## TASK DATA
........

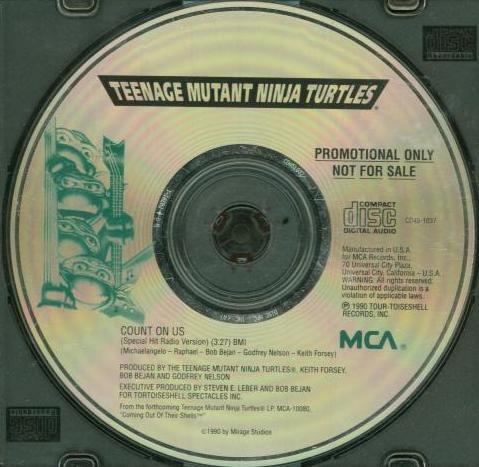 Teenage Mutant Ninja Turtes: Count On Us Promo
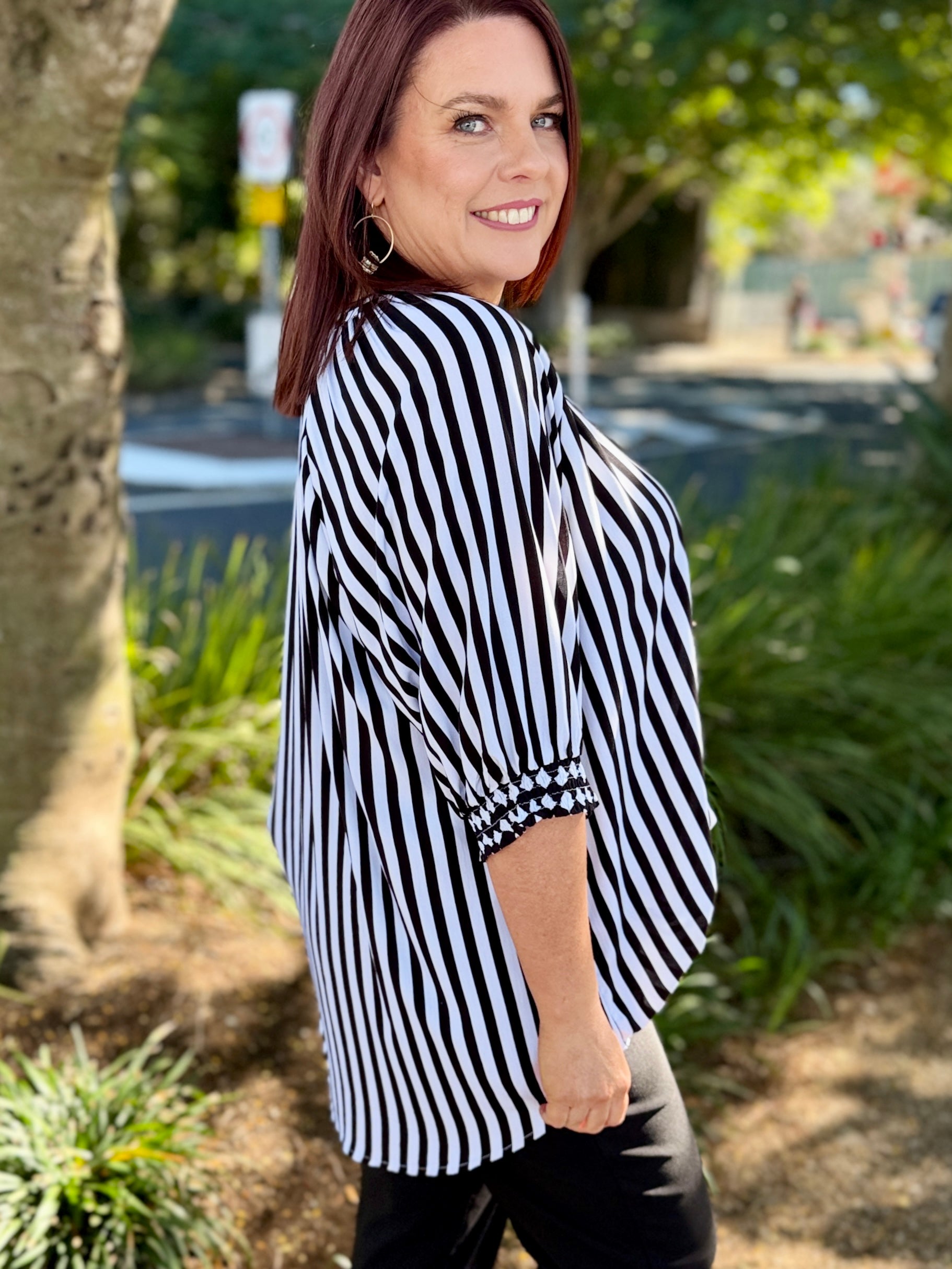 Kalahari Stripe Tunic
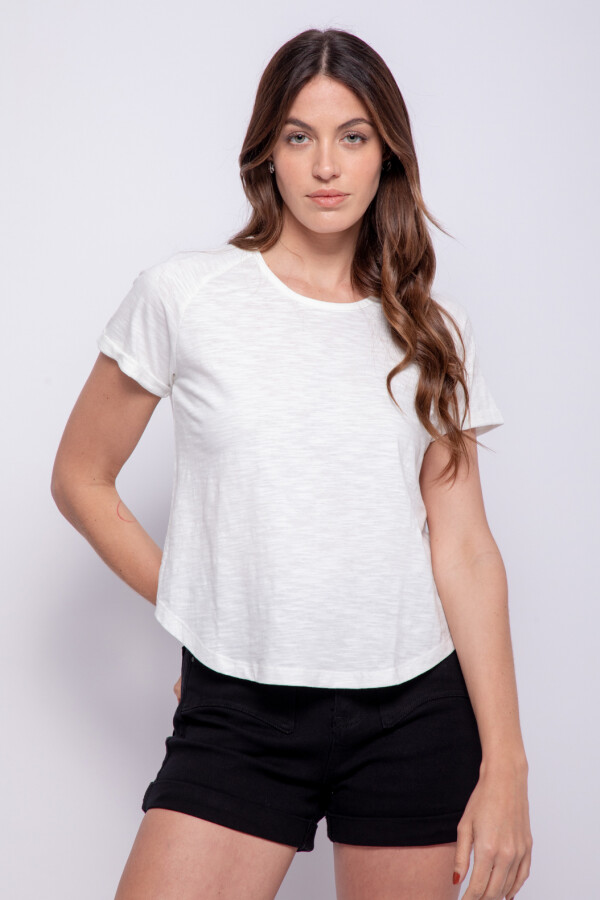 REMERA MORTENSEN Crudo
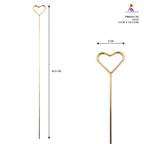 FBA002 GOLD CARD STICK - Freesia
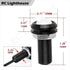 RC Lighthouse HD2W LED HD Lights for RC LED Lights HD Infraction Felony Outcast Senton Brightest LEDs in the Market.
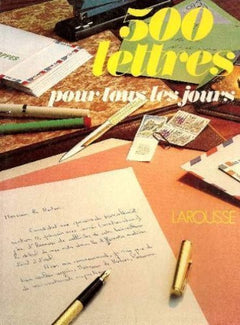 500 Lettres Pour Tous Les Jours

........

## WORK INSTRUCTIONS
Using the data above, print every line exactly, omitting pictures.

## ANSWER SECTION
 Teenage Mutant Ninja Turtes: Count On Us Promo
 Kalahari Stripe Tunic
 REMERA MORTENSEN Crudo
 FBA002 GOLD CARD STICK - Freesia
 RC Lighthouse HD2W LED HD Lights for RC LED Lights HD Infraction Felony Outcast Senton Brightest LEDs in the Market.
 500 Lettres Pour Tous Les Jours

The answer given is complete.